Segment Start: Dataset
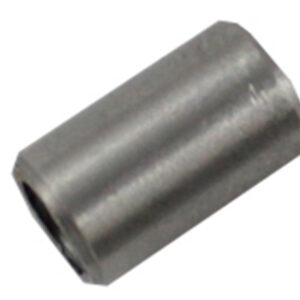 PINO GUIA UNIVERSAL 6 X 10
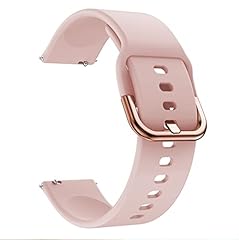 Ganyuu replacement watchband for sale  Delivered anywhere in USA 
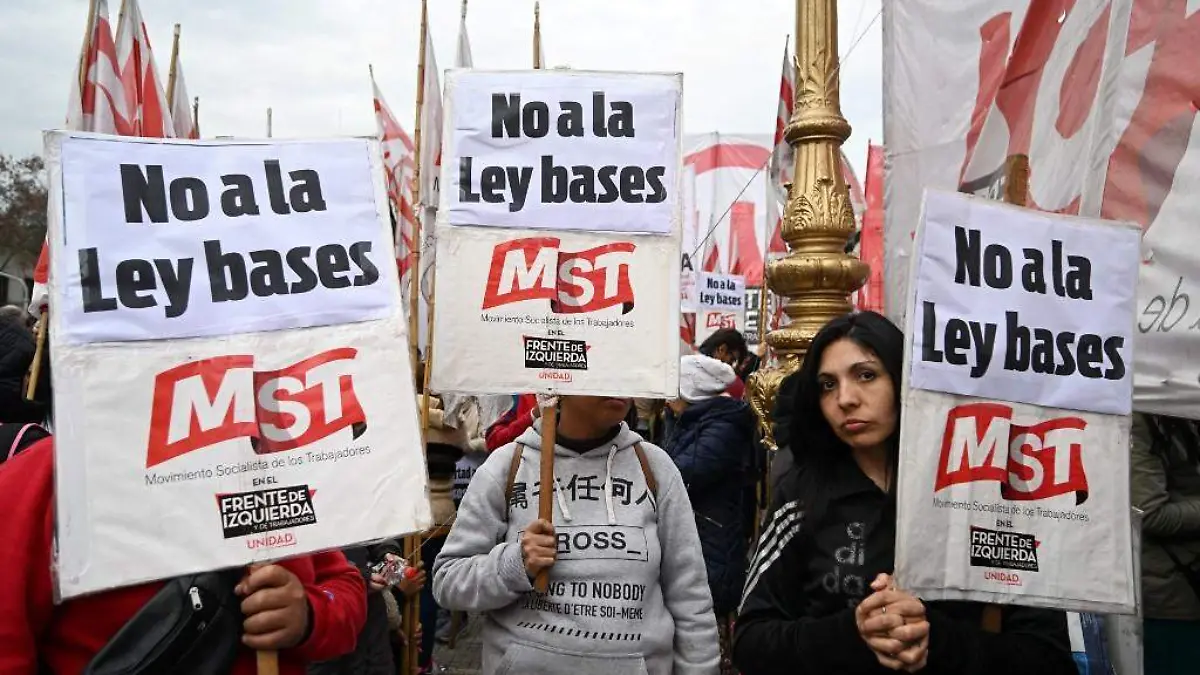 reformas económicas_argentina_afp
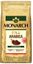 Кофе МОНАРХ ГОЛД АРАБИКА натур.молотый м/у 9*200г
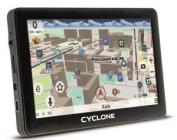 CYCLON ND 430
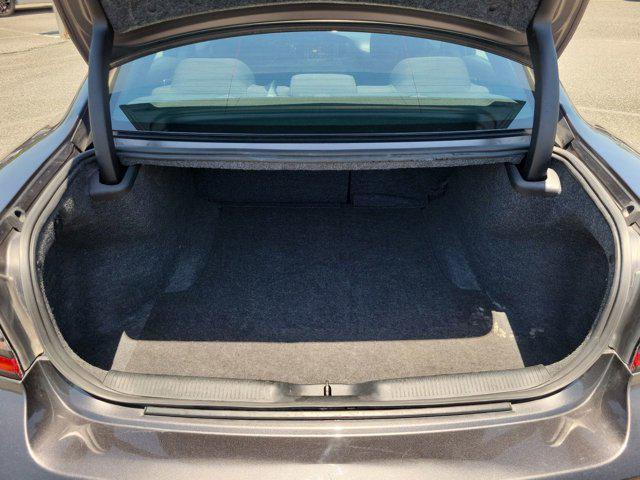 used 2023 Dodge Charger car, priced at $24,123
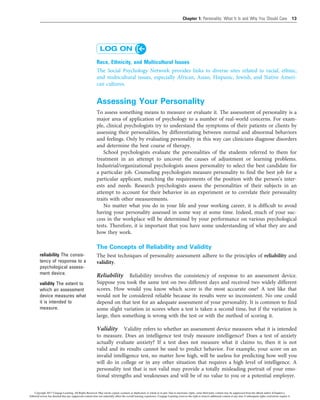 Theories of Personality .pdf
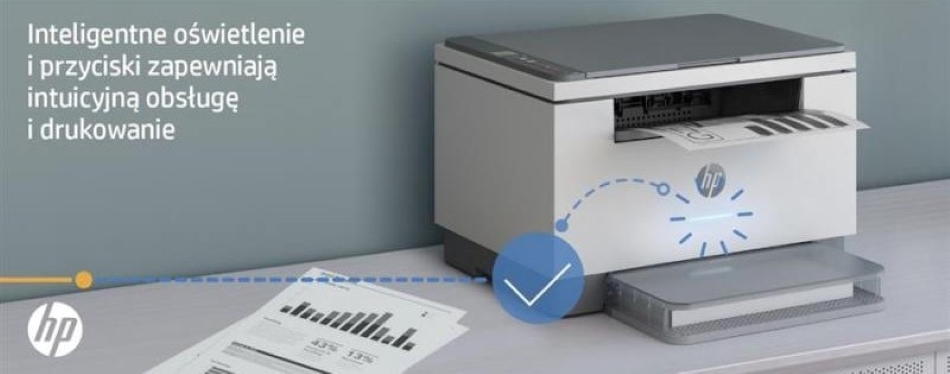 Hp Laserjet Mfp M234dw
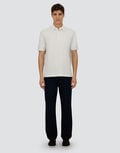 product thumbnail image view 4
Segment End: Dataset
## Action item
In the listing, find the line containing "Theories of Personality .pdf" and repeat it and every later line through the last one, word for word, excluding the pictures.

## Result
 Theories of Personality .pdf
 Hp Laserjet Mfp M234dw
 product thumbnail image view 4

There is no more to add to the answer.